Fair trade works to keep small family farms viable by negotiating fairer farm-gate prices for the crops and working towards improving working conditions. While this is a valid and worthwhile endeavour the power of this enterprise sits entirely in the hands of the consumer who must then agree (often consciously) to pay a premium for the goods on offer. Often the consumer must also expel effort to seek out these goods all the while knowing that Fair Trade is no guarantee of quality or reproducability. That is not to say that fair trade material is of inferior quality, more that the quality of the product isn’t the key concern although the Fair Trade brand good will does rely on a quality product.
There is no doubt that the Fair Trade model does improve the lot of farmers exposed to the global market but is there more we could be doing?
Free Trade, the Global Market and Globalisation.
What I can’t fail to notice with all of this is the role that free trade plays in manipulating a market and exploiting producers. When the world is your market those with the means to explore and move with the market can exploit it, shopping around for cheaper product, faster supply, different quality. We have grown used to this and often accept it without question but lately I’ve been questioning if we are right to accept this as a good way to trade.
Global Market – This is basically a situation where the whole world is seen as the market for your goods. There is nothing inherently wrong with that. Since the beginning of time people have peddled their wares around the globe trading, swapping, negotiating and growing.
Free Trade – This is a legal agreement set up between countries or regions (such as the European Free Trade agreement that Ghana and the Ivory Coast have with Europe) to reduce the barriers to trade between countries. Often a country will impose import duties and tariffs on foreign goods to protect their local industry. Before World War two it was common for countries to favour goods from their own nations and impose heavy tariffs and taxes on imported goods. However, after World War two a guy called Bretton Woods put together a plan that turned into the World Trade Organisation which promoted free trade as a way of securing world peace. This sparked more free trade agreements and has ultimately lead us to where we are now.
Globalisation – This is really a philosophy that has risen up out of global travel and trade – international integration or the ‘it’s a small world’ thing.
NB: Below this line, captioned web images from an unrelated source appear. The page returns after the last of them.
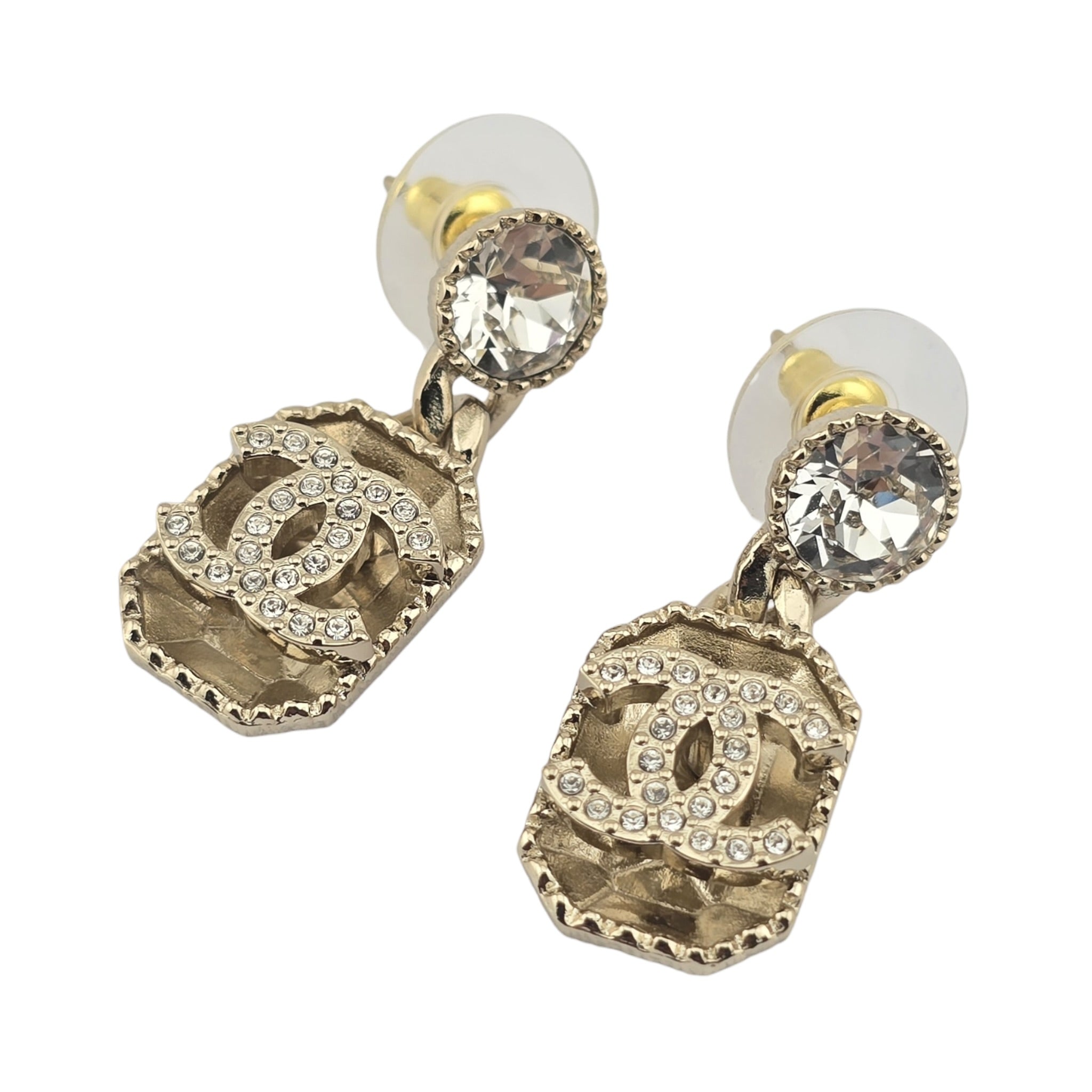 Chanel CC Drop Gold Earrings 2024 CHANEL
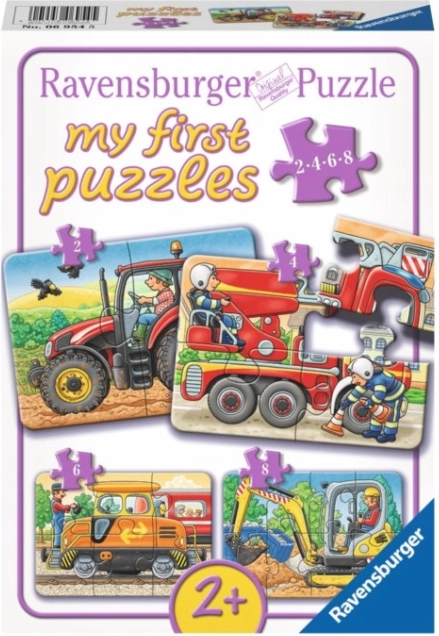 Ravensburger moje pierwsze puzzle Pojazdy 4w1 (2, 4, 6, 8 elementów)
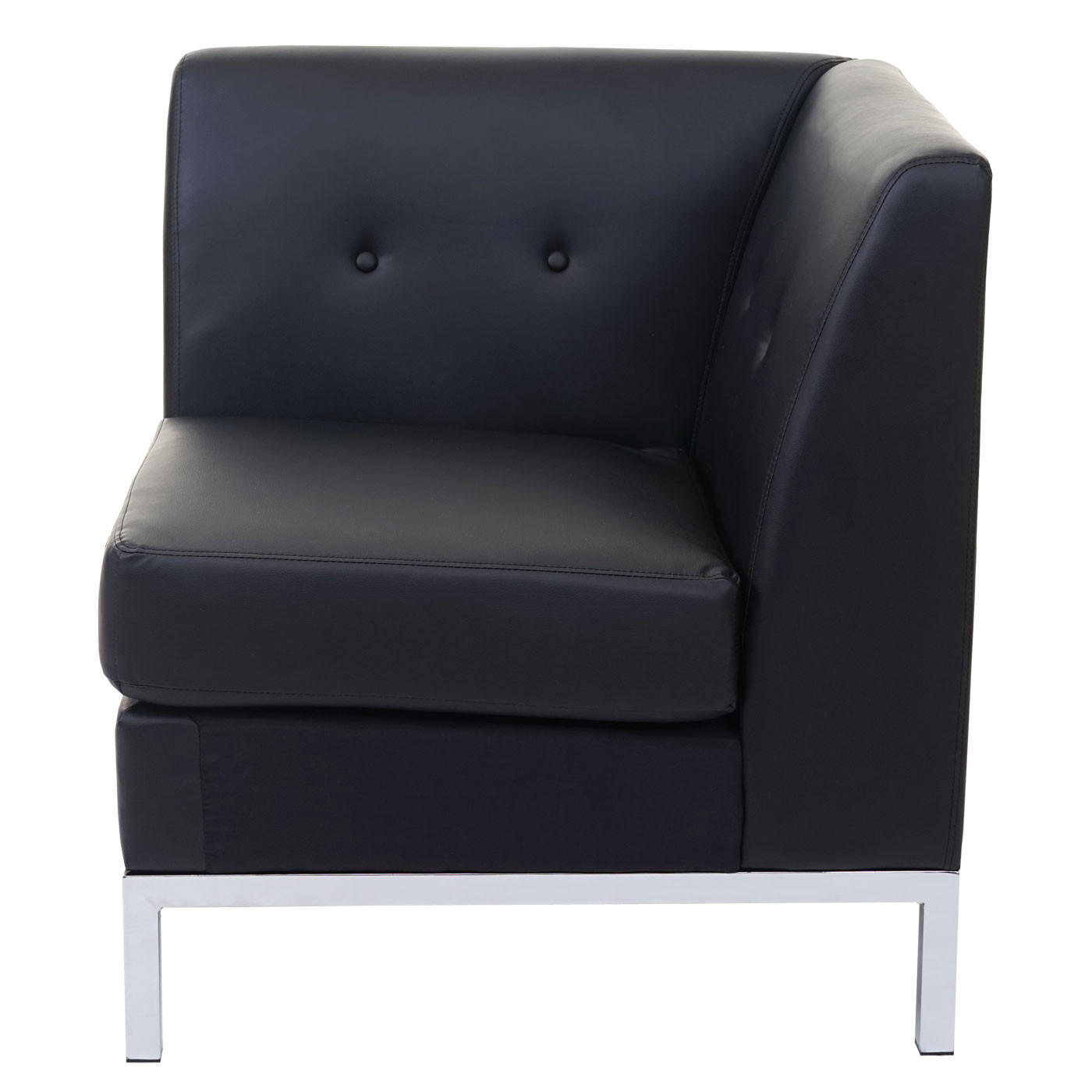 SESSEL ERWEITERBAR Schwarz - Schwarz, Textil (72/82/72cm) - MCW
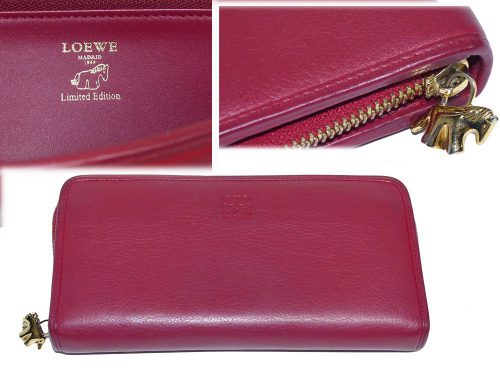 Loewe Limited Collection Red Long Zippy Wallet-0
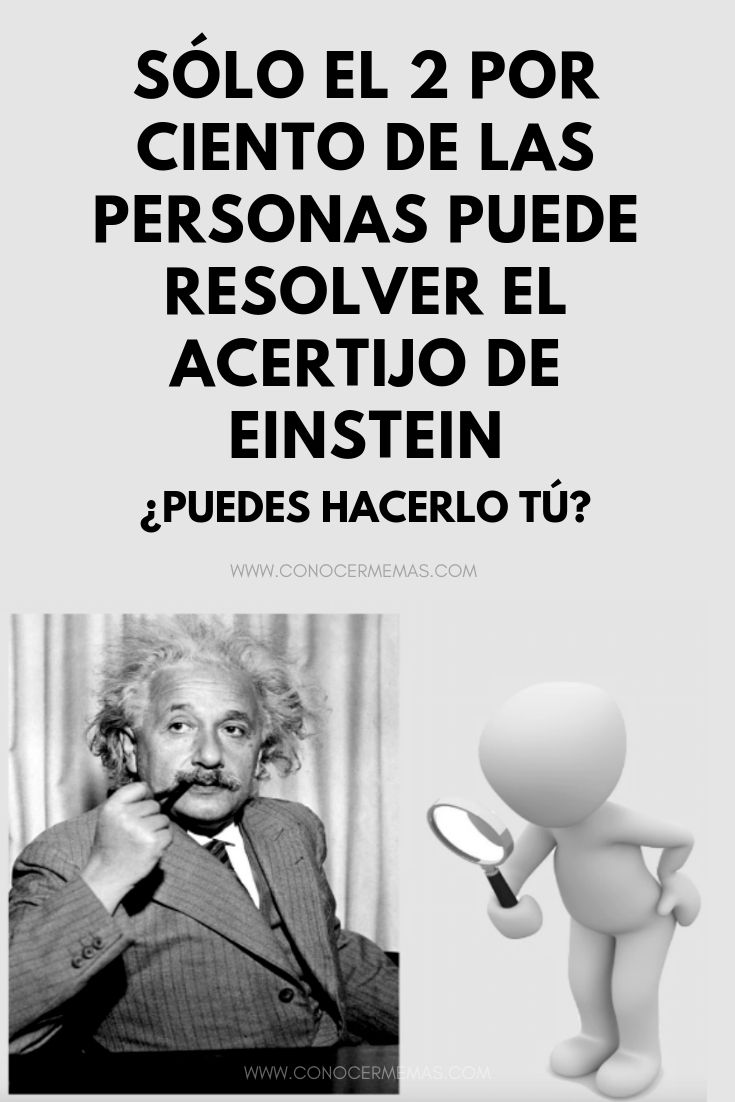 Sólo el 2 por ciento de las personas puede resolver el acertijo de Einstein, ¿puedes hacerlo tú?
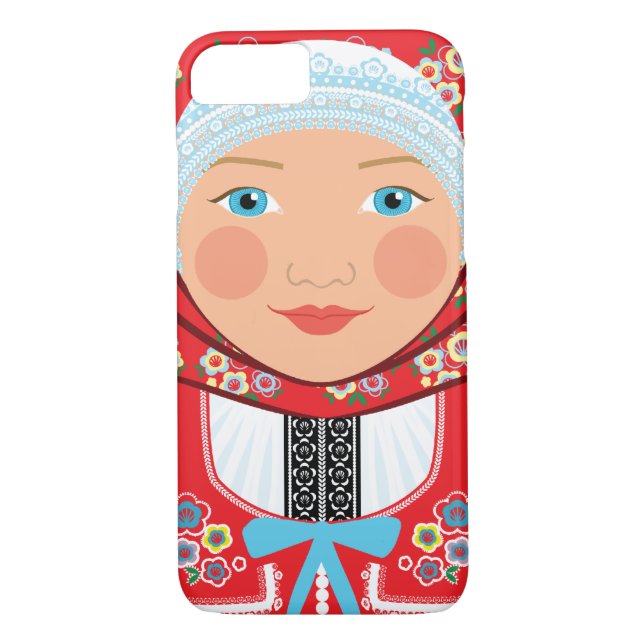 Tjeckiska Matryoshka Fodral Case-Mate iPhone Skal (Baksida)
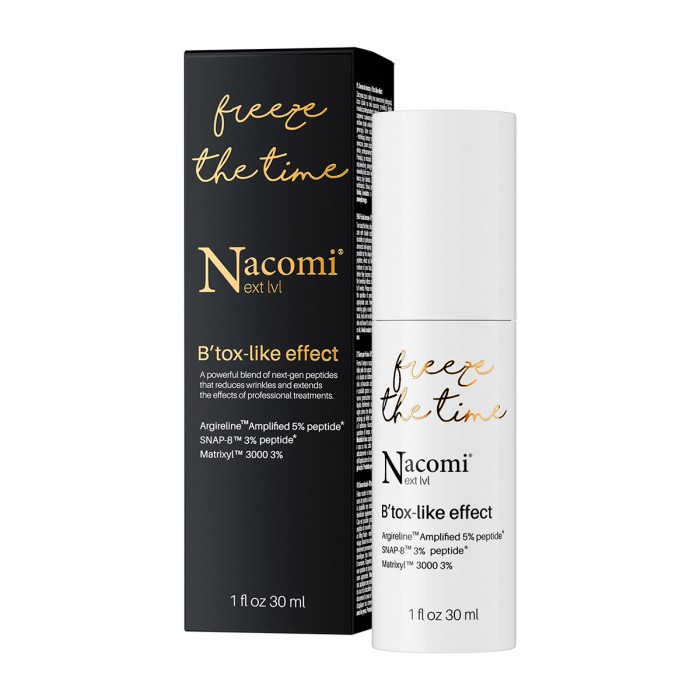 Nacomi Freeze The Time Face Serum BTox Like Effect Ορός Προσώπου 30ml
Is there a way of making all trade fair?
I think that’s a subject for another blog post given that this one has become quite long but in a (cocoa) nutshell I’d say this. Any structure that creates the environment for disproportionate wealth and choice detached from the REAL economy (i.e the people who profit most don’t even have to see the product they are selling) is inherently unfair and must be carefully monitored in order to regulate for this.
Free markets in liberal economies resist regulation as it goes against their political ethos.
The economies of the Western World are all liberal economies.
So while yes, there is a way there may not be enough will.
It’s worth digging into that a bit more in another post.
And it is also worth looking more closely at how Fair Trade can be integrated into a cosmetic brand. Some are doing it but how and is it really making a difference?